Britain turned instead to motorways in the 1960s, and in the ’80s it simply stopped investing in itself altogether. The British rail system is a wonder to behold for those of us with an Asperger-ish streak, the befuddled traveller never quite knowing what will turn up, an intercity sprinter taking you straight into Kings Cross, or a two-carriage Tonka toy dumping you at Didcot Parkway at 11pm on a wet Wednesday, with a three-kilometre hike to make the connection to Spalding.*

King Strong tried to put a brave face on it, calling it the equivalent of Isembard Kingdom Brunel in the 21st century, which is an insult to the man who put a tunnel under the Thames, a cable across the Atlantic, and lines over and through mountains in the era of the horse and shovel, but let that pass.

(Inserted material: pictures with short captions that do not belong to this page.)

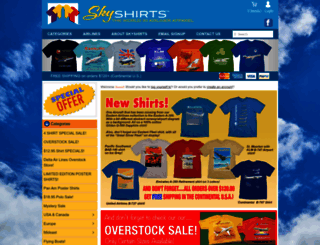 skyshirts.com screenshot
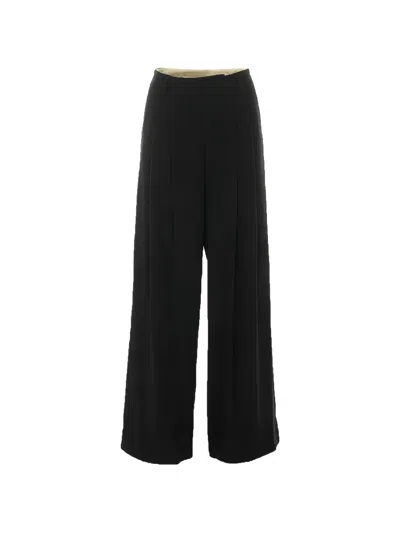 Eleh Belt-loop Pleated Trousers In Black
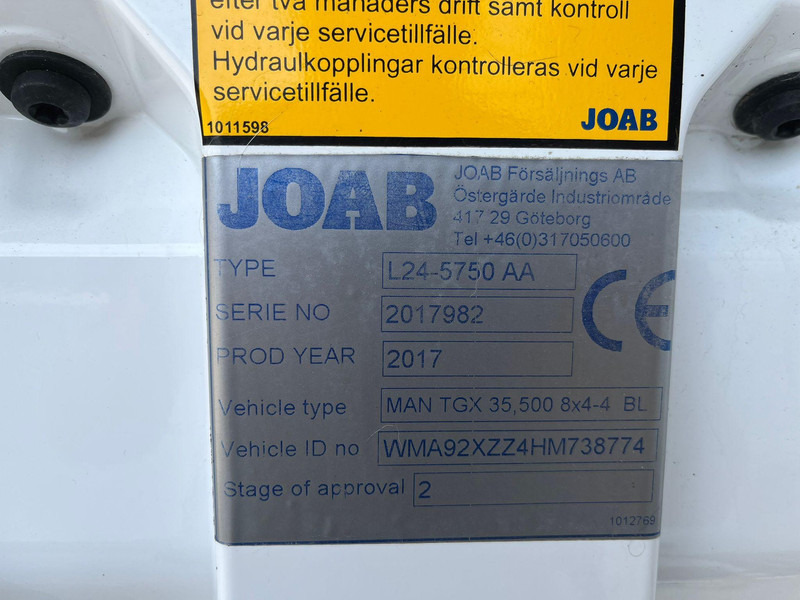 후크 리프트 트럭 MAN TGX 35.500 8x4*4 JOAB L24 L=5750 : 사진 14 후크 리프트 트럭 MAN TGX 35.500 8x4*4 JOAB L24 L=5750 : 사진 14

The BBC had fun, rendering footage of the scheme’s launch in jerky sepia, like an old newsreel — and the inventiveness of the media standing in stark contrast to the half-heartedness of actual infrastructure development says all one needs to about the current predicament of the UK.

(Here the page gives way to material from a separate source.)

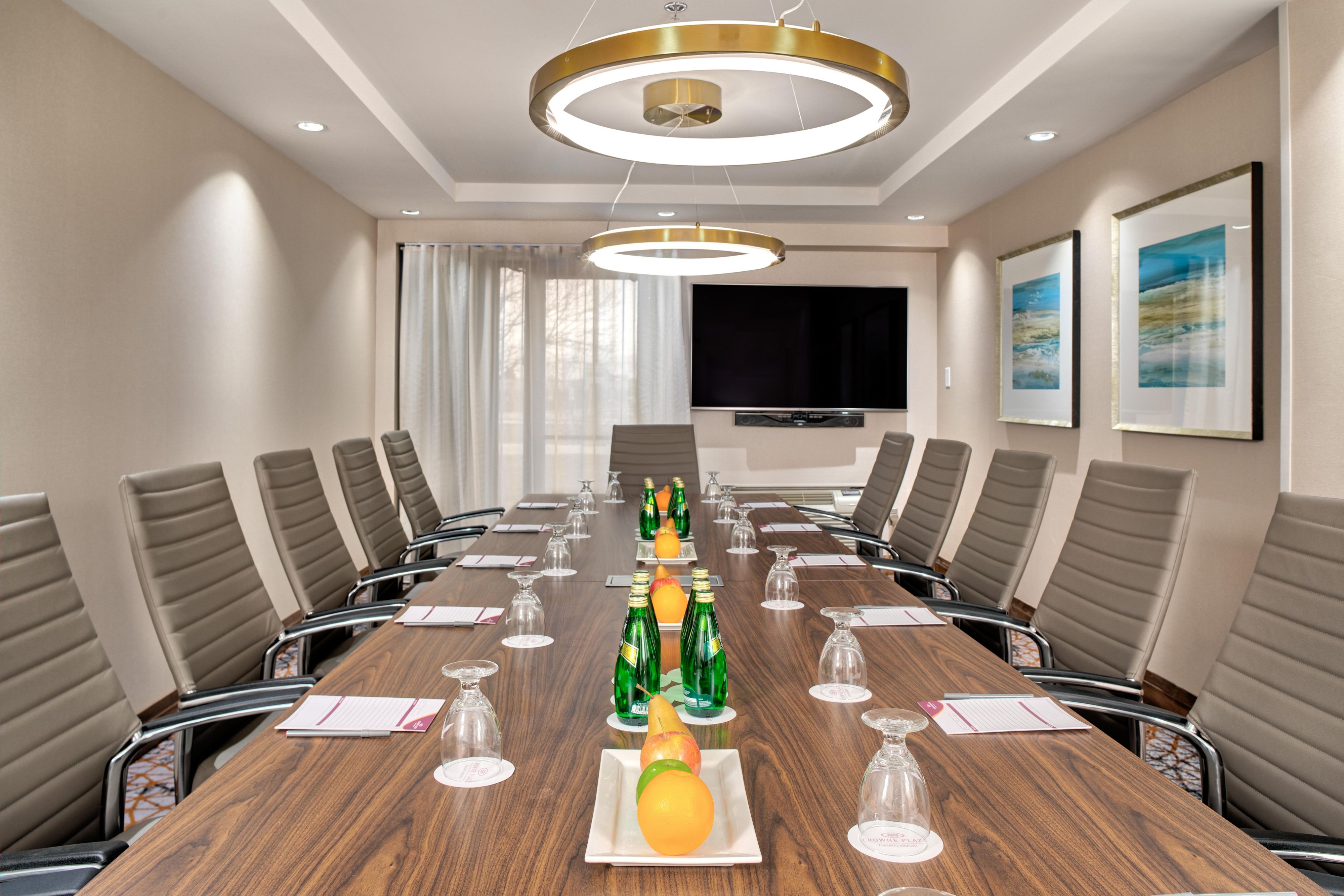 Fully upgraded boardroom with audio visual capabilities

But that is as nothing to the predicament of the Conservatives in the face of such announcements, who don’t know whether to go fully green in their standard turquoise manner, and oppose the thing, or knuckle under and support it. They solved that by going beyond it, saying the line should run through Heathrow, and straight through the Brum to Manchester and around to Leeds. They’re right, but the insistence on a larger project and one starting two years earlier sits ill with their rhetoric about swingeing — yes, swingeing, they use that word all the time — cuts, and a return to fiscal rectitude.

Like Tony Abbott’s mob, the discipline of the conservatives has fallen apart completely, as the grand old alliance between economic liberals and social conservatives born of the Cold War, has finally fallen apart. Abbott, having served in John Howard’s thus-constituted government, has now come out with a capital C conservative statist measures to shore up a preferred social model — parental leave — and hang the cost.

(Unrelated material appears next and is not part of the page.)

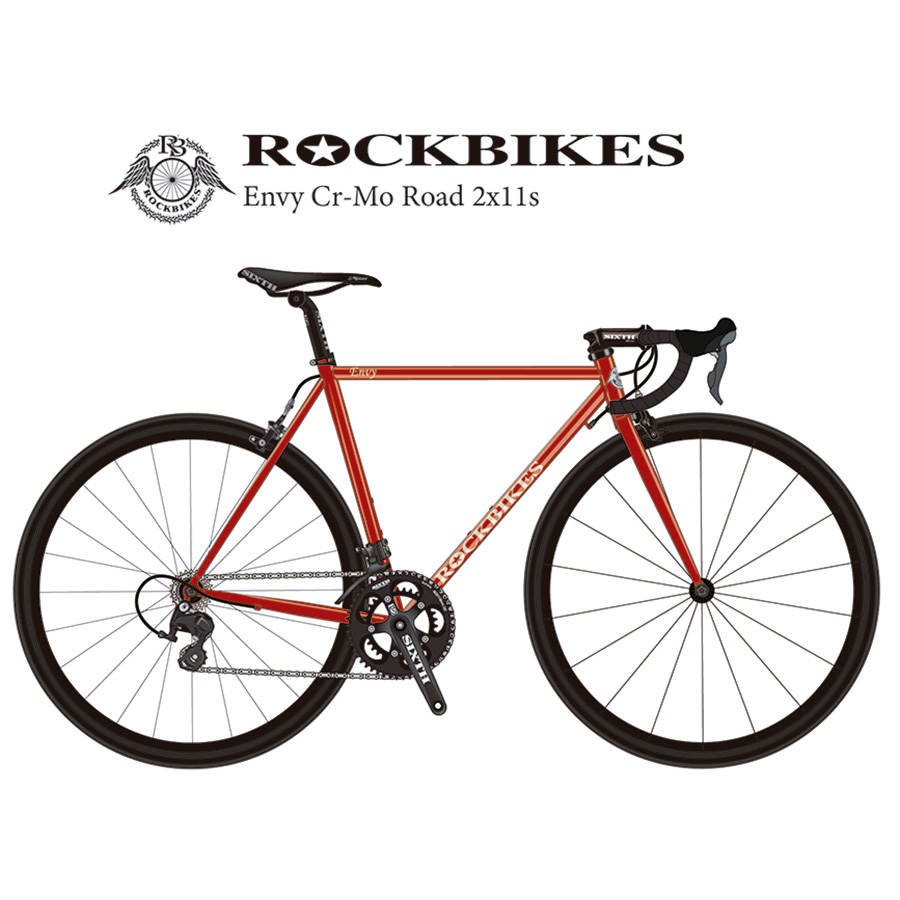 ロードバイク・フラットバーロード（クロスバイク） ROCKBIKES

I’m in favour of parental leave, too — though we may as well call it maternal leave, as experience in the Nordic countries shows that the female-male use of it is about 85%-15%, unless a less unequal split is made compulsory. But Abbott’s sudden promulgation of a big-spending package (greeted with aggrieved Soviet-esque silence by News Ltd) appears to be his Sarah Palin moment.

When John McCain, who’d been trading on the idea of experience, chose Palin, effectively the mayor of Alaska county, to be a swollen prostate away from the Presidency, the choice, for a moment, looked audacious — and then everyone at the same time, realised it was nuts. McCain kicked out his own chocks that day, and Abbott appears to have done the same.

The UK Tories are in the same jam — they’re trying to answer the vexed question, what should a centre-right party propose. By now all but a diminished coterie of Accountantaliban of the Austrian/Ergas/Alan Wood etc school, realise that the West cannot cut its way back to growth by further starving the public sector. But as Labor and left parties now have a franchise on nation building, what are they now to say? The short answer is anything and everything. The Tories had a strategy — outflank Labour on  left and right, appealing to Greens and nationalists with notions of protecting “England” — but it’s now come apart as they bid for support. Tony Abbot has, well, Christopher Pearson. Nuff sed.

No one really believes that Adonis’ announcement heralds anything other than the continued slow decline of the west, in relation to the east, at least within the current political-economic framework. But it is this dour mood that is making the Broon look all the more presumptive as leader, and Cameron like a smooth punk.

The trick — the worse the news, the more a dour Scotsman sounds like just the ticket. When he spoke to yesterday’s appalling trade figures — the UK does not have a trade surplus with anyone that really matters — it sounded like he had already won.

It’s enough to put hair on your chest. Anywhere but the head of poor old Lord Adonis, who, like the government, appears smaller the closer you get to him.

*If I get any gunsel correspondence as to whether you can get from Didcot Parkway to Spalding without changing through London, I will not be responsible for my actions.